A. x = $1,000, y = $29,000.
B. x = $5,000, y = $25,000.
C. x = $10,000, y = $20,000.
D. x = $15,000, y = $15,000.
E. x = $20,000, y = $10,000.
The total interest on investment: $2,100 represents 7% of the total investment ($30,000).
[2,100/30,000 = 7/100 or 7%]
This means that part of the investment at 5% plus part at 8% add up to 7% average.
Since 7% is closer to 8% than 5%, this means that the 5% part weighs less than the 8% part.
Looking at the answer choices, I can eliminate D and E. I can also elmininate A (it seems too extreme).
A. x = $1,000, y = $29,000.B. x = $5,000, y = $25,000.

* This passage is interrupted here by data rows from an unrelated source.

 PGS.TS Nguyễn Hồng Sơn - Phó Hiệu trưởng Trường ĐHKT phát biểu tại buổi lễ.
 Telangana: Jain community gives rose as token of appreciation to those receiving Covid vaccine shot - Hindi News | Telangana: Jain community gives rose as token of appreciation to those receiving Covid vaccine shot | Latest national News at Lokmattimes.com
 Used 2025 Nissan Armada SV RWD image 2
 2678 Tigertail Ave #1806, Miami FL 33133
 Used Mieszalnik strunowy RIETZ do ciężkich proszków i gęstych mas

C. x = $10,000, y = $20,000.
D. x = $15,000, y = $15,000.
E. x = $20,000, y = $10,000.The next step is to figure out the exact weight of the two investments.

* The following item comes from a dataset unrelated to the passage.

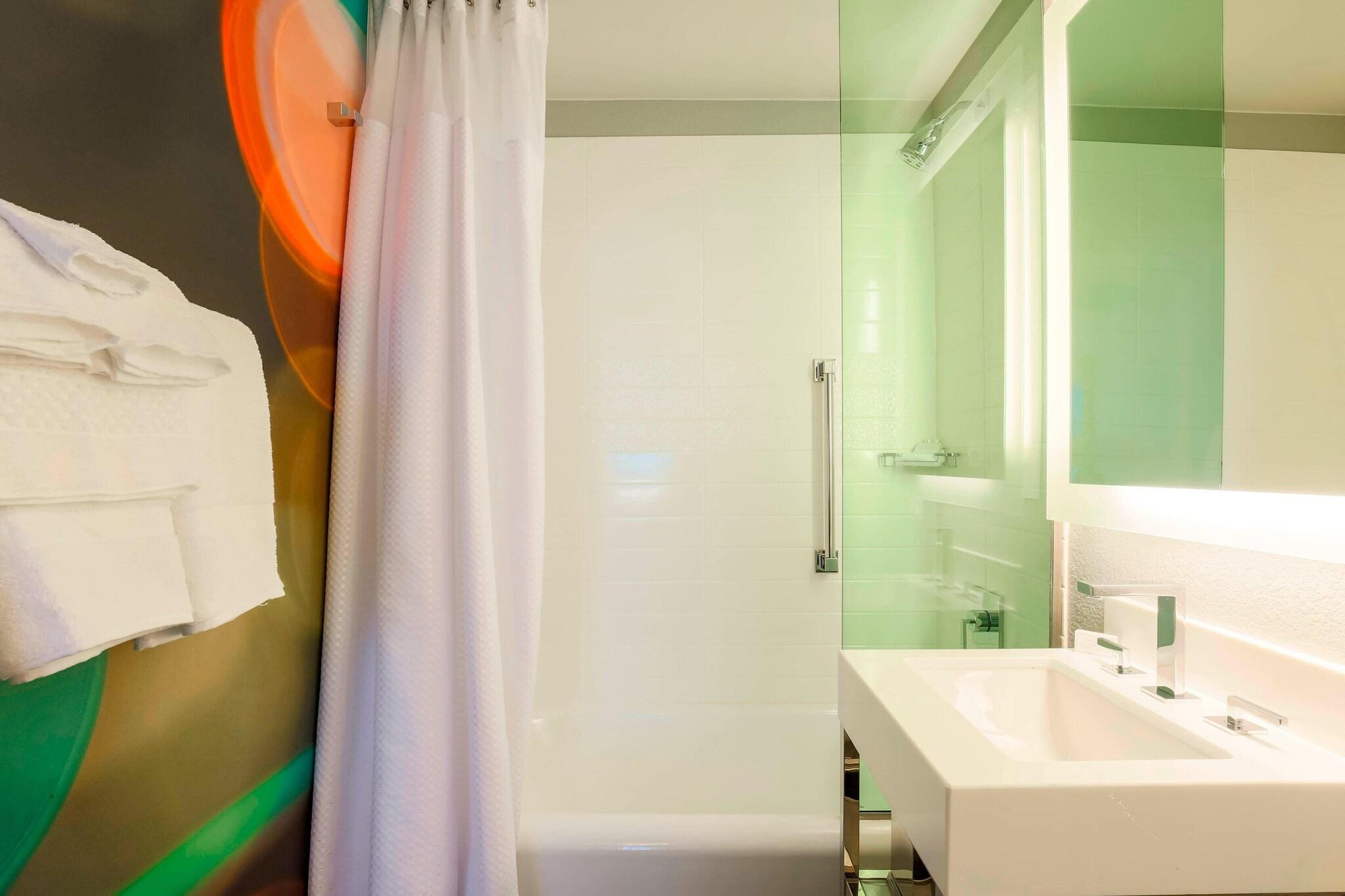 Double City View King Bed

Putting it together; 5% part x+ 8% part y = 7% (part X+ Part Y)
I need to find the ratio. I can make more calculations by looking at the difference between the two parts and the percentage of the final investment.
5% is 2% lower than the final investment, and 8% is 1% higher than the final investment.

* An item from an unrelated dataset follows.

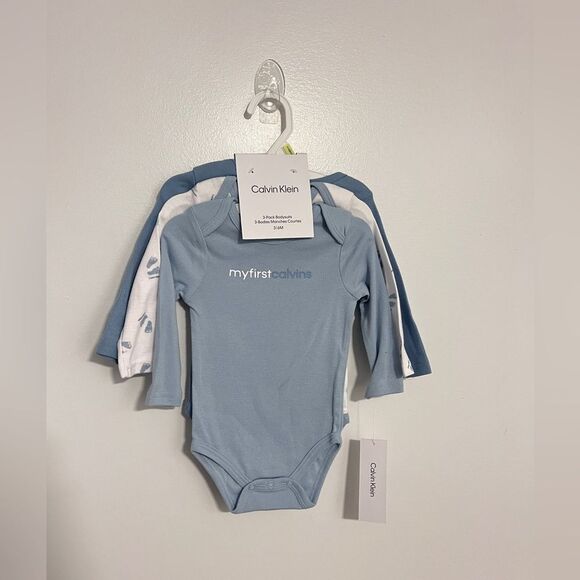 NWT Calvin Klein Baby 3-Pack Bodysuit 3-6 months - Picture 1 of 6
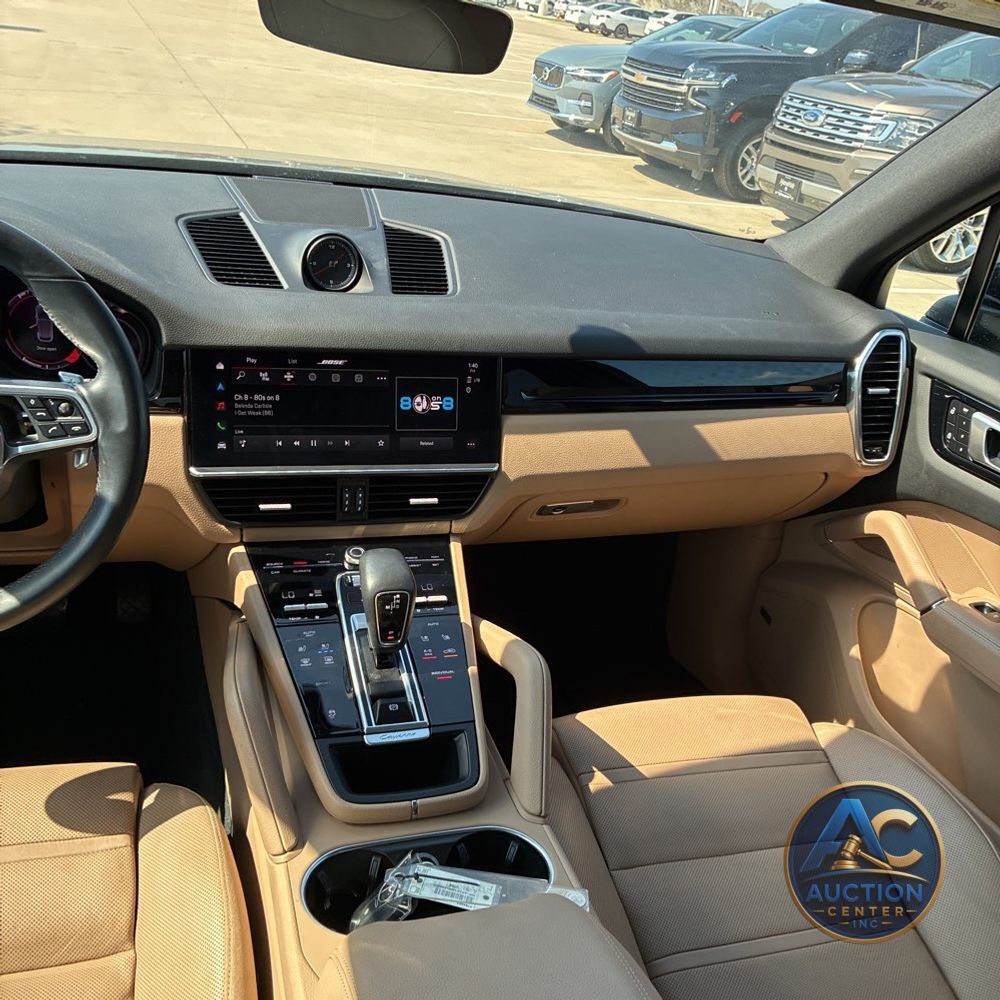 2022 Porsche Cayenne Base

We can say that Part x has a -2 differential (5-7=-2) and Part y has a +1 (8-7=1) differential.
We need to make these differentials cancel out therefore we should multiply both differntials by the different numbers so that the positive will cancel out the negative.
X(-2) + Y(+1) = 0
if X = 1 and Y = 2, then 1(-2) + 2 (1) = 0
Therefore the ratio is 1:2
This means there is ONE part at 5% for TWO parts at 8% to produce an average of 7%.
The only answer that matches this ratio is C
C. x = $10,000, y = $20,000
I hope this helps.
For more information: look for lessons on Data points and weighted averages.
I'd also recommend
MGMAT's Word problem book p55 to p58. Took me a litte while to get my head around it.
But once you do, you gain a couple of seconds.